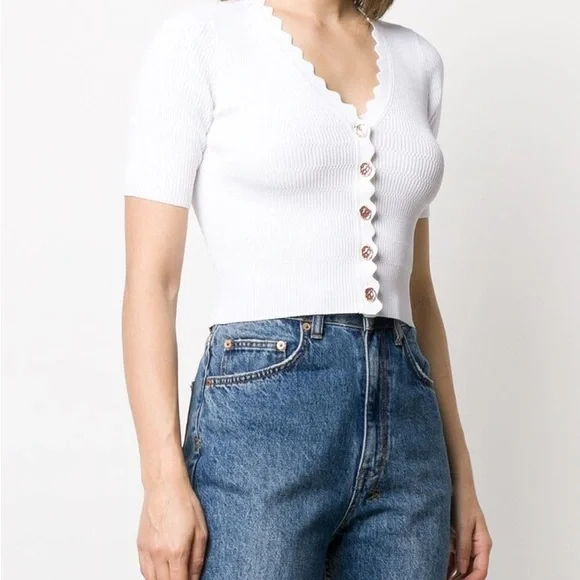 Sandro Short-Sleeve Cropped Cardigan White Button Down Knit Top - Picture 3 of 5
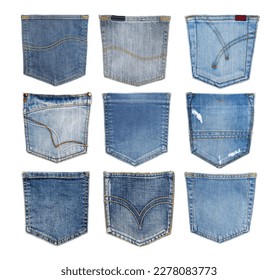 Collection of jeans pockets. isolated on white background - Shutterstock ID 2278083773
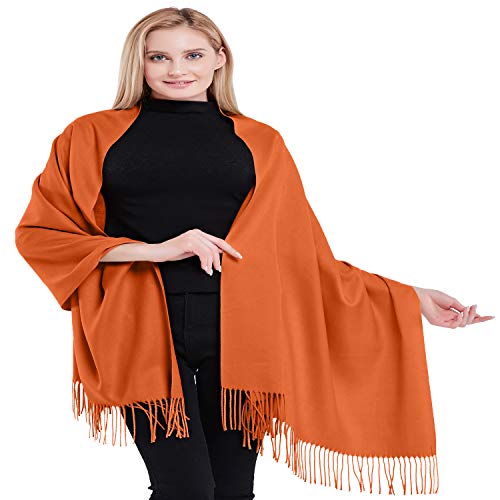 CJ Apparel Kürbis-Orange 100% Kaschmir Zweilagige Schals Pashmina Handgemacht in Nepal Schultertuch Schal Umschlagtuch NEU von CJ Apparel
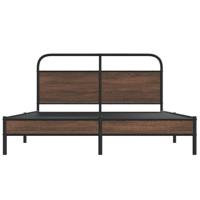 Bedframe zonder matras bewerkt hout bruin eikenkleur 160x200 cm - thumbnail
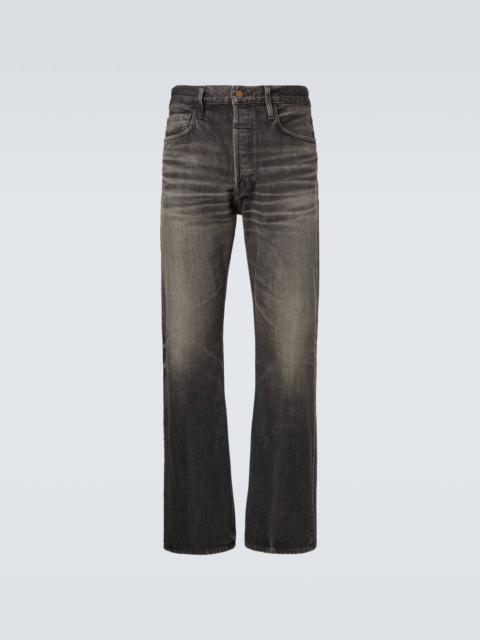Faded mid-rise straight jeans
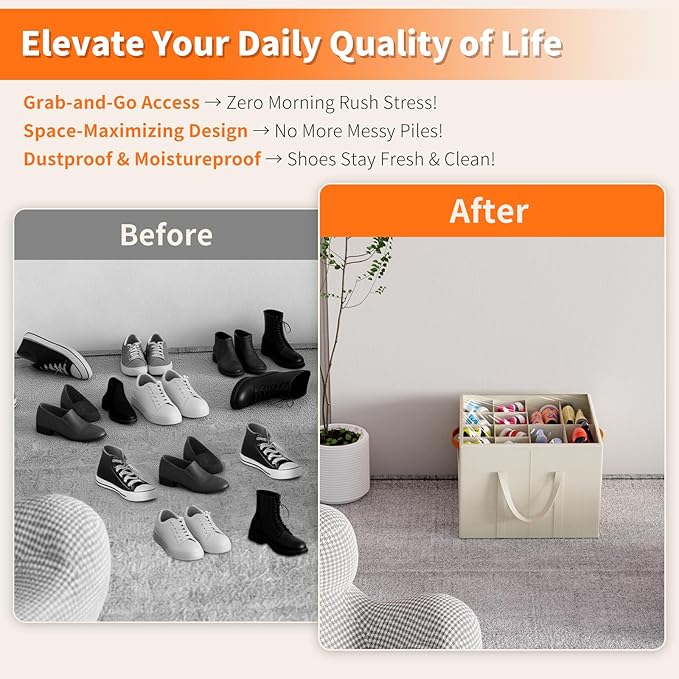 Aokeyee 2 Pack Shoe Organizer for Closet, Foldable Shoe Storage Organizer Box - Image 5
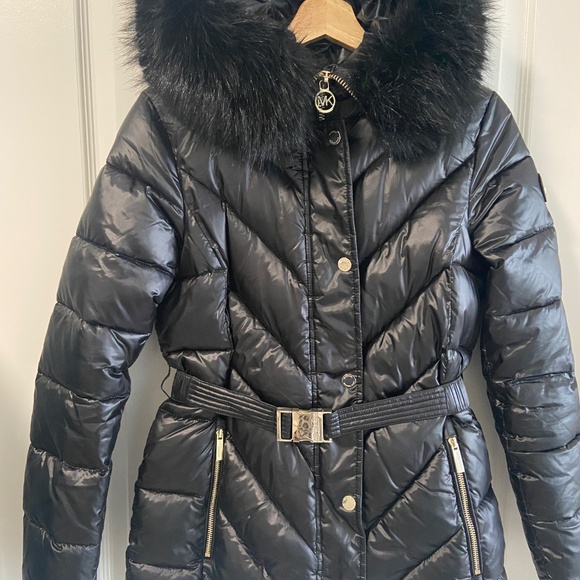 Michael Kors Women's Metallic Belted Faux-Fur-Trim Hooded Puffer Coat Size S - Picture 4 of 14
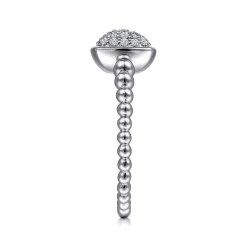 Hot Gabriel & Co. 925 Sterling Silver White Sapphire Pave Bujukan Signet Ring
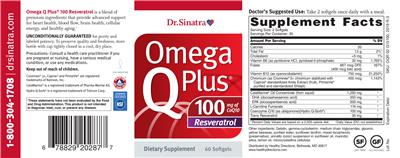 Photo of the Dr. Sinatra Omega Q Plus 100 Resveratrol label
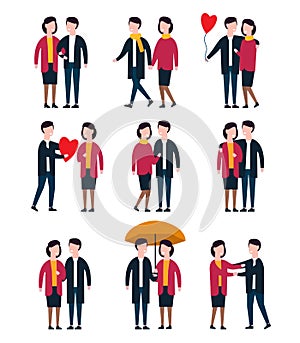 Romantic couples, lover people together. Person character vector set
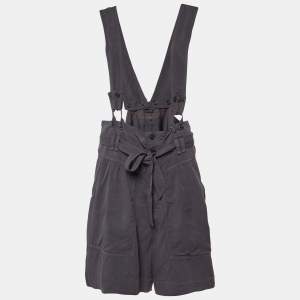 Isabel Marant Navy Blue Lyocell Blend High Waisted Suspender Shorts L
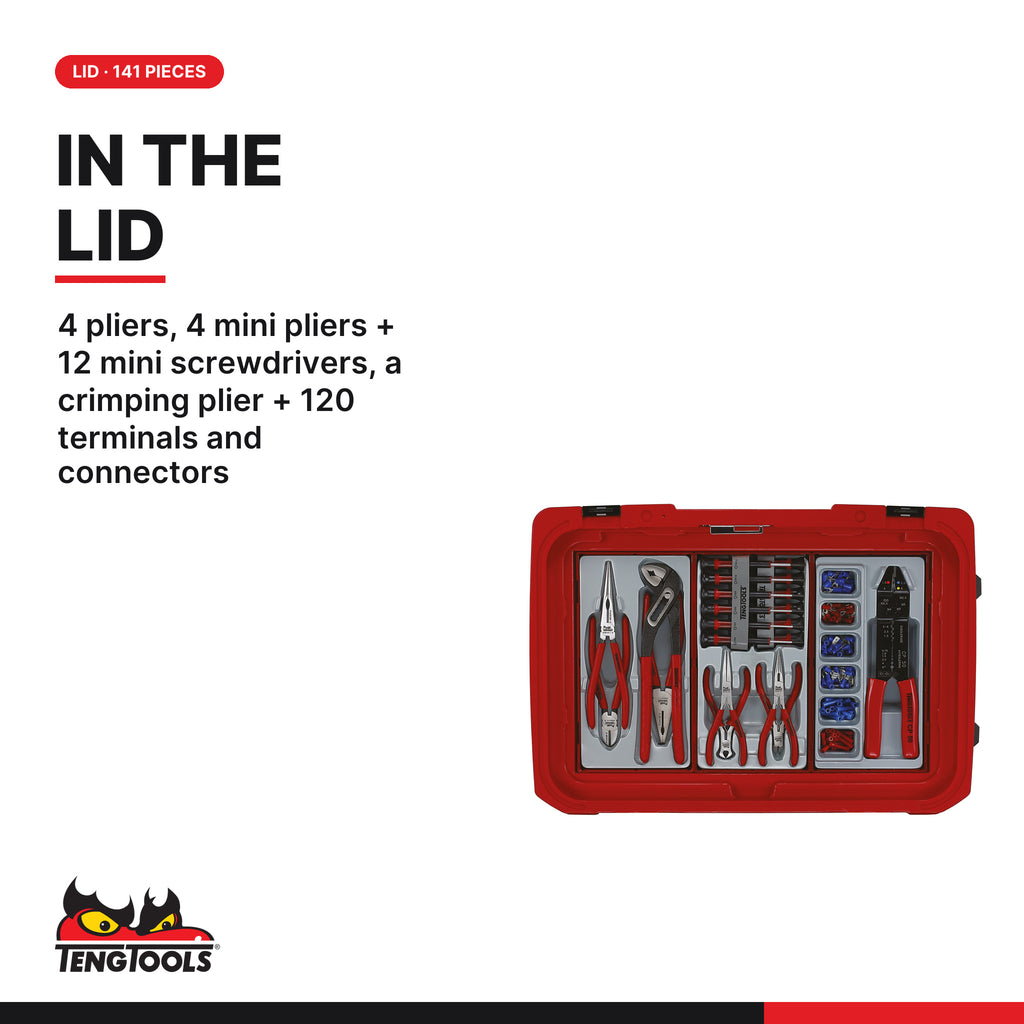 Teng Tools SC02 MECCA PRO TC-9 232 piece tool kit in a service case, lid: pliers, mini pliers, screwdrivers, crimping pliers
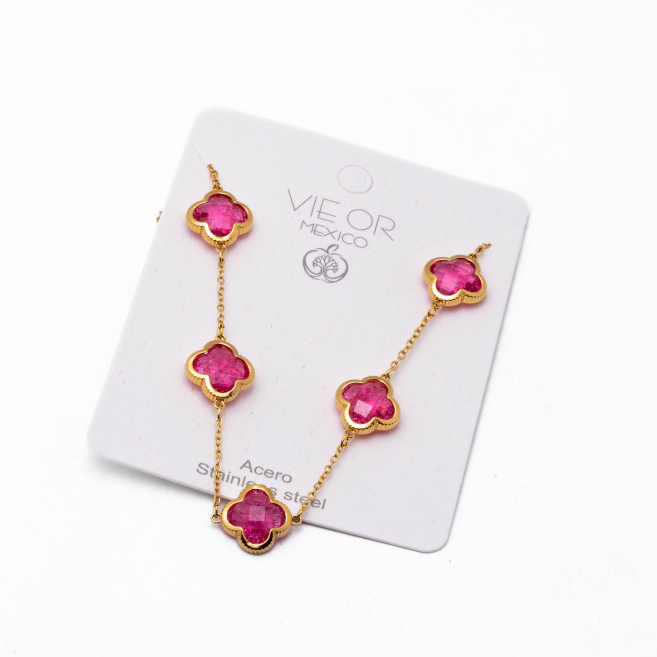 COLLAR ZO13947N DORADO+FUXIA Acero Inoxidable E17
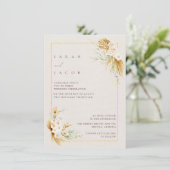 Boho Wildblume Wedding Einladung (Stehend Vorderseite)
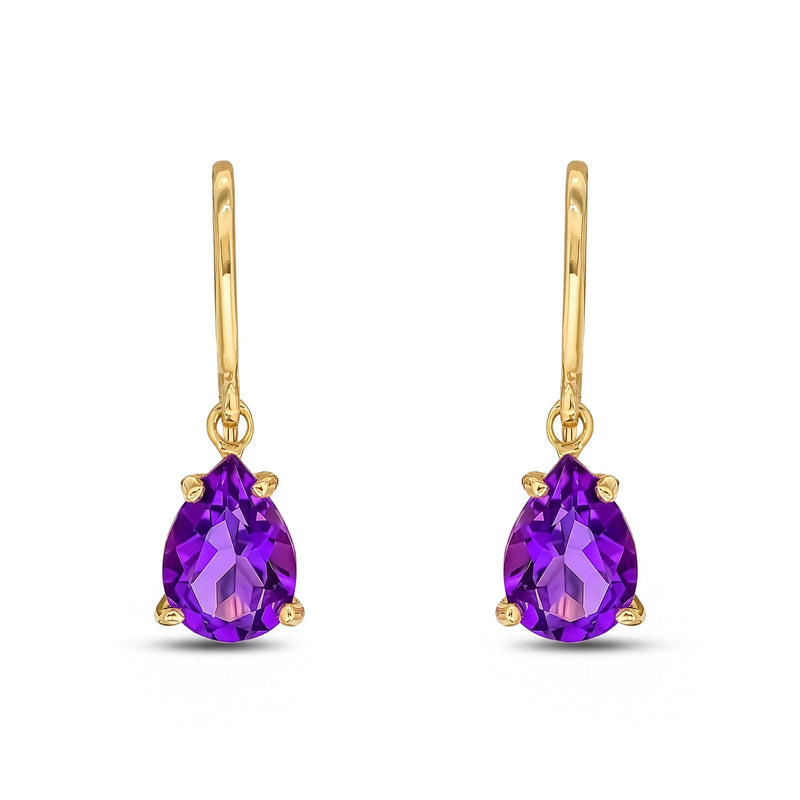 9ct Yellow Gold Pear Shaped Natural Amethyst Claw Hook Drop Earrings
────────────────────
EXERCISE :: If a picture sits between the line containing "Bedframe zonder matras" and the line containing "Teng Tools SC02", leave it out, and return the lines of that range above exactly, both ends included.

EXERCISE SOLUTION ::
 Bedframe zonder matras bewerkt hout bruin eikenkleur 160x200 cm - thumbnail
Faded mid-rise straight jeans
 Aokeyee 2 Pack Shoe Organizer for Closet, Foldable Shoe Storage Organizer Box - Image 5
 Michael Kors Women's Metallic Belted Faux-Fur-Trim Hooded Puffer Coat Size S - Picture 4 of 14
 Hot Gabriel & Co. 925 Sterling Silver White Sapphire Pave Bujukan Signet Ring
 Photo of the Dr. Sinatra Omega Q Plus 100 Resveratrol label
 Romantic couples, lover people together. Person character vector set
 Isabel Marant Navy Blue Lyocell Blend High Waisted Suspender Shorts L
 Teng Tools SC02 MECCA PRO TC-9 232 piece tool kit in a service case, lid: pliers, mini pliers, screwdrivers, crimping pliers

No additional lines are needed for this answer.